Annette A. Aguilar grew from the musical happening of San Francisco during the days of Carlos Santana in the sixties and seventies. She moved to New York to fall under the influence of the great Latin Jazz percussionists in abundance there.
From diverse sources arose a synthesis of sound that was anything but synthetic. Annette has created a band of musicians and vocalists who make use of a vast arsenal of styles and virtuosities that transcend the expectations of the average listener of Latin and Brasilian Jazz.
What Annette has crafted in her big band is a group grounded in the percussion without the enthrallment of “groove above all.” Without question, this band grooves with the best of them but Annette has given freedom for vocalists and the non-rhythm musicians to explore where the melodies will take them.
“The Day Waits for Nobody” is the title of the latest offering from Annette A. Aguilar & Strinbeans.
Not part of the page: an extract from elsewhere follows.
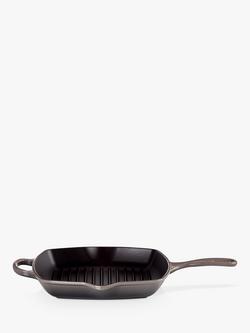 Le Creuset Cast Iron Signature Square Grillit, 26cm - view 2, Flint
In terms of the musicians, there are few constants running the length of the album with the exquisite exception of vocalist Sofia Rei Koutsovitis and Annette herself.
The album opens with the rumba-esque “Lagrimas Negras” and is introduced by the pizzicato of harp and violin. Vocalist Sofia Rei Koutsovitis joins early and makes the listener reach for the volume control straightaway to turn this up. Jennifer Vincent’s acoustic bass lays down a smooth line and the percussion both creates and rides the wave while Nicki Denner’s piano holds the melodic structure in place beautifully.
The single conga beat opens “Bebe” and is soon joined by the unmistakable bass of Ruben Rodriguez. Pablo Vergara assumes the piano and gives a foretaste of his great skills to be exhibited in greater details later on the CD. Rob Thomas arises on violin and duets with Sofia who uses her voice more like melodic percussion in the absence of lyrics. And if you were looking for a great groove, this song has it.
“Indestructible” and “A Feliz Cidade” move from salsa to samba with riveting moments of rhythm and melody that give way to the extraordinary loveliness of “Tarde em Napa” highlighted by Vergara (piano) and Thomas (violin). As on every track, Sofia’s vocals both underscore and expand the melody.
Then something wonderful happens on “Portao Dourado.” Ruben’s snap on the bass opens as Vince Cherico on drums and Vergara snatch up the beat with Annette’s hammering percussion and Ruben’s heart-pounding bass blaze the groove. The vocalization of Sofia and Nanny is almost military and the military beat is brought in behind them to close the piece. Annette created a mood that made feel like the first time I saw “Black Orpheus.” Fascinating.
“E” brings the heavy hitters together again with the lead vocal by Nanny Assis and Ruben Rodriguez giving some of his most exciting bass playing. Vergara and Cherico play with power and poise, as always. Freddie Bryant is on guitar and his playing is so well-blended within the whole that it is often easy to overlook. Replaying his tracks yielded great reward in hearing his contribution.
“E” also exhibits the raucous virtuosity of Rob Thomas on violin. He plays with the raw power of the early Jean-Luc Ponty (think of Ponty’s foray into Frank Zappa) as well as the delicacy of the later Stephane Grappelli.
However, Annette Aguilar seizes the end of “E” and breaks the rhythm into doublets to heighten the excitement as everyone rejoins for a joyous end.
“Flor de LIS” features the piano of Pablo Vergara with the vocals of Sofia Rei Koutsovitis and Nanny Assis. Sofia and Nanny remind one fondly of the great vocal interplay also enjoyed when listening to Elis Regina and Tom Jobim. The percussion is in a sweet support role that allows the vocalists and piano to springboard into unrestrained melodic dimensions. Once again Ruben Rodriguez’ bass gives the bump and jump that energizes this great number.
Annette’s vision as a bandleader has set a path and a pace on this album that culminates in this final moment. And it leaves you wanting more. She positions each musician in just the right spot to create a unity that is near-perfect. Each musician is in exactly the right place at the right time. A great leader, they say, knows how to best utilize the talents of those around.
Annette A. Aguilar is a great bandleader.